Author- Dilys Rose
Published- March 9th 2017
Genre- Historical fiction/literary fiction
Length- 288 pages
Synopsis (Amazon)- Based on a true case, a young man pays the ultimate price for saying what he thinks in this masterful historical novel by a writer at the height of her powers. Edinburgh in the late 17th century is the centre of religious authoritarianism, intolerance and fear. The flames of the city’s famous Enlightenment are yet to burn. Based on the true story of Thomas Aikenhead, this is the fictional account of a 20 year-old student who was the last person in Britain to be tried and executed for blasphemy.
Review- I was sent an ARC of this book from the publisher for review, so thank you to them.
This is a difficult book to rate and for such a short book it took me a long time to get through, I very nearly gave up on it multiple times. The story is ok, nothing spectacular, but ok. The language is the main issue.
The dialogue is written as though every character has an incredibly strong Scottish accent, and can be very difficult to understand. The more I read at once the more I got used to the language but even then there were times where it was difficult to understand, I could be half way through a chapter before I knew what was going on. I imagine those with no experience of the Scottish accent would struggle with the language even more than I did.
In terms of story, the first few chapters were a struggle, and some seemed completely unrelated to the previous ones. Even once I got used to the dialogue it seemed like there wasn’t really a lot going on, a whole chapter would be about the most minor thing. About a third of the way through things started to get a little more interesting.

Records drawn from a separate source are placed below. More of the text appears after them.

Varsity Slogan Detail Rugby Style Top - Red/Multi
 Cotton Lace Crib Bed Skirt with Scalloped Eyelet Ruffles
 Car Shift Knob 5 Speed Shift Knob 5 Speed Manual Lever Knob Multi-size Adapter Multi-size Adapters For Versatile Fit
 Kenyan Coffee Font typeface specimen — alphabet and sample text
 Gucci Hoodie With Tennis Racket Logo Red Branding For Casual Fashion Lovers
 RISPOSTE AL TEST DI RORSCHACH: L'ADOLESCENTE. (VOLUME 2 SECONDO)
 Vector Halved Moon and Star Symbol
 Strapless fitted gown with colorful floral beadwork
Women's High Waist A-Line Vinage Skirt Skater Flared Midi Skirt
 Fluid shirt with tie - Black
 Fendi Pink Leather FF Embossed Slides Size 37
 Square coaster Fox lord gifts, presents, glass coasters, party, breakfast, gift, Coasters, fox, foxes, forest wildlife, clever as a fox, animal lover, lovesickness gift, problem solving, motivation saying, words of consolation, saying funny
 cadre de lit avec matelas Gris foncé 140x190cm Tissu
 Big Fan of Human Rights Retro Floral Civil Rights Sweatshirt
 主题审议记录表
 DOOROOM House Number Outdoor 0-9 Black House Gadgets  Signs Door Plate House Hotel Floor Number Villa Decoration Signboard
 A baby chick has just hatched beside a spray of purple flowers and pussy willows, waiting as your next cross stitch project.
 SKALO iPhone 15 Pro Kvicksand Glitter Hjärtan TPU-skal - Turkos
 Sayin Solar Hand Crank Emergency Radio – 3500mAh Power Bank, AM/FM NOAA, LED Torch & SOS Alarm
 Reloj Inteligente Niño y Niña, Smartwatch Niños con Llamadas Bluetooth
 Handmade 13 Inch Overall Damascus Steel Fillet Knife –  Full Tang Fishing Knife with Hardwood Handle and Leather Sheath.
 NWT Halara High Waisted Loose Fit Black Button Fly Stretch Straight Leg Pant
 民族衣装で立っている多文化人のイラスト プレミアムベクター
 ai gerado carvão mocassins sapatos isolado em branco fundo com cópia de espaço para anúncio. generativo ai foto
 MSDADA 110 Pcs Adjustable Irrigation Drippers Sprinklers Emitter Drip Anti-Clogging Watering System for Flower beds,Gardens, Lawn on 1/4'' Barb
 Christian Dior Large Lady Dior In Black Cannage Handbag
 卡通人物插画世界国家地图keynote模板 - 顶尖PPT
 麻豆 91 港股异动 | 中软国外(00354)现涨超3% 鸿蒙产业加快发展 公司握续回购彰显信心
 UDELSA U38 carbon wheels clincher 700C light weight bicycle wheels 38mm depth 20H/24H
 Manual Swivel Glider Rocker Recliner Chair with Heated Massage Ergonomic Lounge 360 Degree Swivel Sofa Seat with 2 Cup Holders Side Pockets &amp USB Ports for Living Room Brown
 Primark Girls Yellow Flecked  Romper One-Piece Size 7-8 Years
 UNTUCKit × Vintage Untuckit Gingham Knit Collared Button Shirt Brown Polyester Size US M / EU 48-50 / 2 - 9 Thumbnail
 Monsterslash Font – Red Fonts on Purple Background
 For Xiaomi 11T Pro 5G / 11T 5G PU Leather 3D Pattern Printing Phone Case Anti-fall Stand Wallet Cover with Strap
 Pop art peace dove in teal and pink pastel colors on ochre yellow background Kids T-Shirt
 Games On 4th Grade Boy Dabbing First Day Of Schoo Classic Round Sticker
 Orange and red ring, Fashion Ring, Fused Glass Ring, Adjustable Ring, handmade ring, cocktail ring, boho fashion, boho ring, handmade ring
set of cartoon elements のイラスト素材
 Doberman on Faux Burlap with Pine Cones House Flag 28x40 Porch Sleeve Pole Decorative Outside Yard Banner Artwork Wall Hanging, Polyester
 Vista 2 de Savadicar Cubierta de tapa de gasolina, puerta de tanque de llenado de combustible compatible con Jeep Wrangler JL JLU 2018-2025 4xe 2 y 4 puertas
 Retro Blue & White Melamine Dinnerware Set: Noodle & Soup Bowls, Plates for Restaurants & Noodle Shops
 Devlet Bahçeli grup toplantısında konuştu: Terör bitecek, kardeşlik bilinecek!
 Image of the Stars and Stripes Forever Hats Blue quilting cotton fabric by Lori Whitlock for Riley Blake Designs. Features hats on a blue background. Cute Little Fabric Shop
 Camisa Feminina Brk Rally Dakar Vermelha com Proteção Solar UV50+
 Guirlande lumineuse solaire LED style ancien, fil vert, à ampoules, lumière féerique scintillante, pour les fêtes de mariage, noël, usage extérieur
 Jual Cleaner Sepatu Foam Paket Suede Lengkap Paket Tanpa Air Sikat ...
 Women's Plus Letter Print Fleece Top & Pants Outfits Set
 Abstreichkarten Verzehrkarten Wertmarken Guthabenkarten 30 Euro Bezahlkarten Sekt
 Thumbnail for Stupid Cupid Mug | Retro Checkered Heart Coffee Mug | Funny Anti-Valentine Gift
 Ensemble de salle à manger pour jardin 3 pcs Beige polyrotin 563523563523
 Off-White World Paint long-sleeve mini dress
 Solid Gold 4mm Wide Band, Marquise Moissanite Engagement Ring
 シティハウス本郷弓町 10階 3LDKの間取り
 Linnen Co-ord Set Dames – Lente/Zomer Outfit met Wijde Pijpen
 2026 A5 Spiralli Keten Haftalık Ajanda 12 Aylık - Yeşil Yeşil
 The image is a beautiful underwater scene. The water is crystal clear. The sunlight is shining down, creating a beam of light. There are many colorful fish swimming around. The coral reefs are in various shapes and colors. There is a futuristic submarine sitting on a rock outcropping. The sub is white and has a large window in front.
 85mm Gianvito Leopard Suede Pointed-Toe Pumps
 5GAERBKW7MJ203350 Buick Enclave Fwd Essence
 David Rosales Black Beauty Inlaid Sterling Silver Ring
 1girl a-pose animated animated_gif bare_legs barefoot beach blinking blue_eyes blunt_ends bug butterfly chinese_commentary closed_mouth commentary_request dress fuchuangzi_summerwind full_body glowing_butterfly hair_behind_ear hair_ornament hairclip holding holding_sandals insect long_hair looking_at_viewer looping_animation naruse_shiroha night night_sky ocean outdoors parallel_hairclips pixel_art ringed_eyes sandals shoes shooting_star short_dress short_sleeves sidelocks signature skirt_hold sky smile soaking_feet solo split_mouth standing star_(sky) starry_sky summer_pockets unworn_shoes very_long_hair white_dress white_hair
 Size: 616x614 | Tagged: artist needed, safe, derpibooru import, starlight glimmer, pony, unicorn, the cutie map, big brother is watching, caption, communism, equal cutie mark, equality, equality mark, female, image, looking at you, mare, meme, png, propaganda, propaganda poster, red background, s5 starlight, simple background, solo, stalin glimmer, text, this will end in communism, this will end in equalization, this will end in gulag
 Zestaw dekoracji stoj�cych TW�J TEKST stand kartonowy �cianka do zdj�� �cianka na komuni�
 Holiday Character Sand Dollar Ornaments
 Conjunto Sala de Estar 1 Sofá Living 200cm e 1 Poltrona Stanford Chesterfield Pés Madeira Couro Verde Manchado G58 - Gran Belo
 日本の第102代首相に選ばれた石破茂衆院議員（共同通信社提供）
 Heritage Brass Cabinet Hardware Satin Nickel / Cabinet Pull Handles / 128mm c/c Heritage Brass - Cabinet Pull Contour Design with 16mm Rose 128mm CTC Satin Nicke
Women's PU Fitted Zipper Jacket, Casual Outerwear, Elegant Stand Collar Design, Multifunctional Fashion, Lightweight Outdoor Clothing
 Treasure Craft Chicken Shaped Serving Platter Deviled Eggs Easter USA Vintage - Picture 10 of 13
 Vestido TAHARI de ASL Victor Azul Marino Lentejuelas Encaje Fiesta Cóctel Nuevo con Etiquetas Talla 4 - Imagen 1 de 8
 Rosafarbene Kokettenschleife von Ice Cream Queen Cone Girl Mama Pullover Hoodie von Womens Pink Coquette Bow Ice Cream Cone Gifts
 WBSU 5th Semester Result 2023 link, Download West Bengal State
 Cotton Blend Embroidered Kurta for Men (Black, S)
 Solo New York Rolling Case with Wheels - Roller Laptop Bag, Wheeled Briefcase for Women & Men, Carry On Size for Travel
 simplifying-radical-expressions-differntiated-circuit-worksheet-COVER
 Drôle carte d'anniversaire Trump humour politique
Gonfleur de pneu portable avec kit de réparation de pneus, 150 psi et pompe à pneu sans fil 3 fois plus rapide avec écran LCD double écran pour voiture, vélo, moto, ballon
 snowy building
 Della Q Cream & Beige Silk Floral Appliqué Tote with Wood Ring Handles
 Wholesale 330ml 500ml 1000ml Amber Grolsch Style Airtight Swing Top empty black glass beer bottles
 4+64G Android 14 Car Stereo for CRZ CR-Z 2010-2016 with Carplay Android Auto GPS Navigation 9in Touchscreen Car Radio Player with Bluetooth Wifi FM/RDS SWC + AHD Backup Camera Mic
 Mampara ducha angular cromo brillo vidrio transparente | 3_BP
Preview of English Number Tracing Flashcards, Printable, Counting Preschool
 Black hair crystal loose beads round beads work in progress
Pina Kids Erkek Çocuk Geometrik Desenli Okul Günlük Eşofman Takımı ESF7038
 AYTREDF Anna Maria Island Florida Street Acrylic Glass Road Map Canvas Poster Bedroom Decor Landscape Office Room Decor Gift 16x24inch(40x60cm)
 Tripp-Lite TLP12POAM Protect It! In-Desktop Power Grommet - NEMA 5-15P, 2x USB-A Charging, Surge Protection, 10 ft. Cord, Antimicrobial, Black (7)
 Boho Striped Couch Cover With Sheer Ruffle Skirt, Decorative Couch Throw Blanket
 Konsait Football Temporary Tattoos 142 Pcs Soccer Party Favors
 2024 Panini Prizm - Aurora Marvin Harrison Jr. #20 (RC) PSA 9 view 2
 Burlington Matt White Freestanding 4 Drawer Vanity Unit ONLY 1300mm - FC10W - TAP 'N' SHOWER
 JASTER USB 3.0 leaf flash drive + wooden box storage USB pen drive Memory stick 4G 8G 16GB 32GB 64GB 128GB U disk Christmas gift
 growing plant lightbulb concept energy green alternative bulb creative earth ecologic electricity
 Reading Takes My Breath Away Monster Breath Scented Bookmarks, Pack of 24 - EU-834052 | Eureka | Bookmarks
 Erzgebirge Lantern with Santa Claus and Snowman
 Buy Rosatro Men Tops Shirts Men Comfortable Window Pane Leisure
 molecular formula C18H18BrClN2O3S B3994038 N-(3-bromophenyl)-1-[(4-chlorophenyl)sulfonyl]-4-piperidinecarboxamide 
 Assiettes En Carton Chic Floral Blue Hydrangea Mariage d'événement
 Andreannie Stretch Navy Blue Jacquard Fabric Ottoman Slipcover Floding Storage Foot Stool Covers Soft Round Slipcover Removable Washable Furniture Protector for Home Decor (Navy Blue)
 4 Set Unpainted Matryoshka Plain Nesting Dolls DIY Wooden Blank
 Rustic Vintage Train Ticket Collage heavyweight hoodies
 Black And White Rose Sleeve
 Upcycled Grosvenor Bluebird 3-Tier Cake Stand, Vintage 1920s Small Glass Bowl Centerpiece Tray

In terms of character development it was mixed, though overall not great. There are a few snippets of information about the family members but that is all it is in most cases, snippets. There is a little more when it comes to Thomas, one of his sisters, and a couple of other male characters, but basically nothing with many others beyond their name and a little dialogue. The book is told in three parts and in the third part this did change a little but I think it would have been nice to know more about the family members in particular, and they were minimally featured in this part of the book.
Overall I wouldn’t recommend this book to the majority of people. If you like a bit of history and think you can make it through the dialogue then by all means give it a try but I think many will find this a frustrating read.